This legislation is not the result of oversight. It is not the product of economic necessity. It is a conscious, strategic decision to sacrifice the many for the benefit of the few. The architects of this bill claim to defend liberty, but liberty without healthcare, without food, without shelter is not liberty at all. It is a fiction used to mask greed. Their vision would return us to a pre–New Deal America, where economic suffering was a private burden, not a public concern, and where government existed only to protect the interests of those with wealth.
“Our democracy has been hijacked by dark money, corporate lobbying, and an obsession with free-market dogma.”
We must remember that the New Deal emerged from a time when America was teetering on the brink of collapse. Franklin D. Roosevelt did not view social programs as charity. He viewed them as justice. He understood that government must serve the people, not just as a referee but as a lifeline. The idea that a nation is only as strong as its richest citizens is a dangerous myth. As Roosevelt stated, the strength of a nation lies in meeting the needs of the many.
When legislation knowingly sacrifices lives in order to enrich a small elite, it is not just a policy disagreement. It is a moral crisis. It is, in every sense of the word, a crime. A crime committed in boardrooms and congressional chambers, a crime carried out with pens instead of weapons, but a crime nonetheless. The bodies left behind are just as real.
And yet, here we are. In 2025, the United States government continues to operate under a system that rewards the powerful for their indifference. Our democracy has been hijacked by dark money, corporate lobbying, and an obsession with free-market dogma. The result is a perverse inversion of values: wealth hoarded, suffering ignored, and policies designed not to uplift but to suppress.
What’s worse is the gaslighting. Lawmakers who support these bills talk about fiscal responsibility while handing billions to defense contractors and oil companies. They talk about American values while gutting the very systems that keep Americans alive. They wrap themselves in flags while stepping over bodies. It is performative patriotism, a theater of cruelty meant to distract from the blood on their hands.

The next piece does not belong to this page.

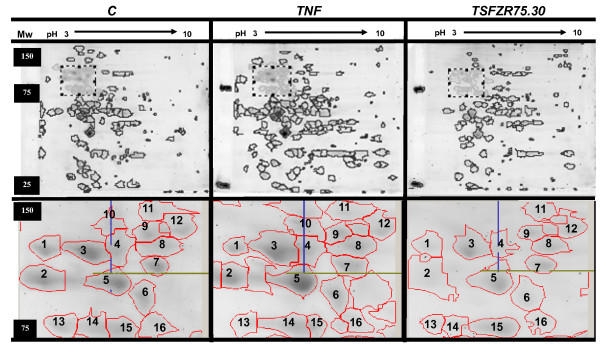 Glycosylated VCAM-1 isoforms revealed in 2D western blots of HUVECs treated with tumoral soluble factors of breast cancer cells.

The cruelty is not incidental. It is the point. When a government repeatedly passes legislation that leaves millions without access to basic necessities, it cannot claim to be democratic. It is an oligarchy in practice. It is a government by the few, for the few, at the expense of everyone else.
This is not sustainable. And it is not what democracy is supposed to look like. The social contract has been shredded. The illusion that we are all in this together has given way to a brutal reality: in the current system, if you are poor, sick, or marginalized, you are expendable.
“Participatory democracy empowers citizens not just to vote every few years but to actively shape the policies that affect their lives.”
But there is an alternative. It is time we stop simply resisting cruelty and start reimagining governance. One path forward is Resourceism: the idea that resources, not capital, should be the foundation of our economy. Instead of measuring national strength by GDP or stock market performance, we measure it by access to clean air, nutritious food, education, housing, and healthcare. In a Resourceist system, every citizen is guaranteed the essentials for a dignified life. Decisions are made based on sustainable management of our shared resources, not on maximizing profit.
Pair Resourceism with participatory democracy and we begin to approach a truly just society. Participatory democracy empowers citizens not just to vote every few years but to actively shape the policies that affect their lives. It replaces apathy with engagement. It replaces elite rule with collective decision-making. In this system, power is not hoarded but distributed. Everyone has a seat at the table.
We must break the spell of scarcity that neoliberalism has cast over the nation. We are told that we can’t afford universal healthcare, that feeding children is too expensive, that lifting the poor is unsustainable. But we can afford tax breaks for billionaires and endless military expansion? This is not a financial issue. It is a moral one. The resources exist. What we lack is the will to use them justly.
The United States can no longer afford governance by cruelty. We cannot tolerate a system that treats lives as bargaining chips in a game of political poker. Every vote for austerity is a vote against the people. Every bill that sacrifices the vulnerable is a stain on our national conscience.
We must say it plainly: the current direction of government is not accidental, it is intentional. And if we are to reclaim our democracy, we must confront that intention with a vision that values life over profit, dignity over wealth, and justice over cruelty.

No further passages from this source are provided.